4 Steps You Can Take for More Profitable Trading

Trading Plan
You’ve just put your first live trade on in your broker account.

The market is moving against your position.

You aren’t comfortable as your position starts losing money.

You hope the market will come back in your favor but it keeps moving against you.

Fear starts to grip you and you begin to panic.

You don’t know what to do and the position keeps getting worse.

Finally you can’t stand it and close your position for a big loss.

Soon after you close your position, the market reverses direction.

You would have gained back all that you lost and ended up having a profit.

What went wrong?
You didn’t have a trading plan. You traded with your emotions. The key to being a successful trader is treating it like a business and controlling your losses. How do professional traders avoid trading with emotion? They define three objectives for each trade:

1. Set a profit target
2. Have a maximum loss
3. Define adjustment points and actions
4. Define how you will exit the trade

Let’s look at each one of these.

1. Set a profit target
It is important to get paid to trade. You need a clear idea in your mind when or where you will take profits in your trade. There are many ways to define your profit targets. It could be as a percentage of a spread credit received, or a percentage yield on your required margin. It could be based on movement of the underlying instrument. Whatever method you use, have a clear target. Don’t approximate it. Be specific and take profits earlier rather than later. If you take partial profits, take the lion’s share out quickly to lock in a profitable position.

2. Have a maximum loss
This is very difficult for most traders, yet it is probably the most critical to follow. You can’t have a profitable trading business if your losses exceed your profits. That’s simple mathematics. The biggest problem with large losses is it takes a larger percentage profit to get back to even. Professionals are fanatical about keeping losses small. You should be too.
Once you set a maximum loss, never exceed it. Take steps to reduce your risk as your position nears the maximum loss. You can do this normally by neutralizing part of your delta. A long put or call can help you stay in a position longer and give you a chance for the market to come back to your position. If you do hit maximum loss, exit the trade unless there is a very good reason not to.

One reason could be if volatility spiked against you and you are in a trade with all options in the same expiration month. If you were still in the middle of your expiration profit zone, and only at maximum loss due to volatility, I would typically stay in the trade. With this unusual exception, exit the trade if it hits your maximum loss. Survive to trade again the next month.

3. Define adjustment points and actions
The market will test your positions. Have clearly defined points where you will adjust your position and what you will do at that point. This helps you avoid freezing up with fast moving markets. If you know what to do ahead of time, you will be much less emotional about your trades. Have your adjustment rules and stick with them.
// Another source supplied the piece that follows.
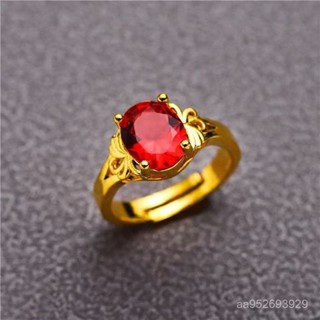 💎金福源珠寶💎越南正沙金女士時尚鑽戒紅色戒指高顔值精緻設計送女朋友送長輩水晶戒指 寶石戒指 鈦鋼戒指 鑽石戒指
4. Define how you will exit the trade
If you reach your profit target or maximum loss, you will exit your trade. Your trading plan may include taking partial profits. Have this pre-defined of exactly how you will implement this. For example, at +10% profit, take 60% of the trade off and set a trailing stop of 5%.

Another type of exit is a time stop. Trades don’t always go in your favor right away. If it takes too long to start generating a profitable position, consider exiting based on poor price movement. This type of exit is based on how long you intend on staying in the trade. If you have a 30-day butterfly spread, you may set a rule if it is not profitable after 10 days, to exit the trade.

The market keeps changing too much to have a rigid plan
The markets do change, but your trading plans should change too. Keep track of your trades in a trading journal so you can see how you are doing over time. Successful traders keep good records.

Having a trading plan helps you trade without emotion
Setting a profit target, maximum loss and knowing how and when you will adjust a position and when you will exit are essential for all of your trades. If you don’t do these steps you’ll see profits slip away, losses grow too large and your trading account will shrink instead of grow. Treat your trading like a business.

Create your trading plan and start a trade journal
Set a profit target, maximum loss, adjustment where’s and how’s and how you will exit each trade. Document each trade and start tracking your trading performance. You’ll be glad you did.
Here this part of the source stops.